Experimental Configuration: To avoid the influence of different experimental conditions on the results of the improved model, all experiments in this study were performed in the same hardware and software environment. The system was equipped with 16 GB of RAM and an NVIDIA GeForce RTX 3060 (NVIDIA Corporation, Santa Clara, CA, USA) graphics card. All experiments were conducted on a Windows 11 (Microsoft, Redmond, WA, USA) Home Edition system, configured with Python 3.9 programming environment, CUDA 11.1.1 architecture, and cuDNN v8.2.0 development library. The deep learning framework PyTorch 1.10.1 was used to build the 3D segmentation networks.

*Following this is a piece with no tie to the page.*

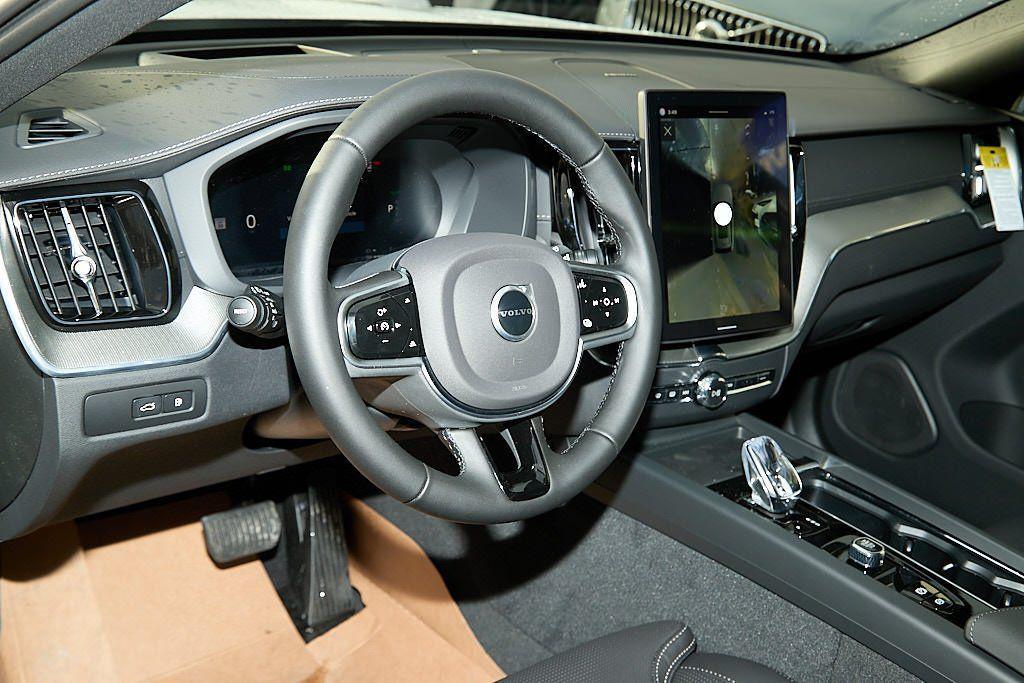 new 2026 Volvo XC60 Plug-In Hybrid car, priced at $73,710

Training Strategy: In the training parameters, the weight decay rate is 0.01, the initial learning rate is 0.001, a total of 200 iterations were performed, and the batch size is set to 2. The sampling points are 2048, and the number of channel dimensions is set to 7 (x, y, z, N_x, N_y, N_z, labels). The k nearest neighbors (required for individual models) in the model are unified to 20. Other parameters are adopted from the original paper recommendations.

3.2. Assessment of Indicators

3.2.1. Model Comparison Experiment Evaluation

We used mIoU metrics, mP (mean precision), mR (mean recall), and mF1 (mean F1 score) as the evaluation metrics of cotton organ segmentation for improving the model performance.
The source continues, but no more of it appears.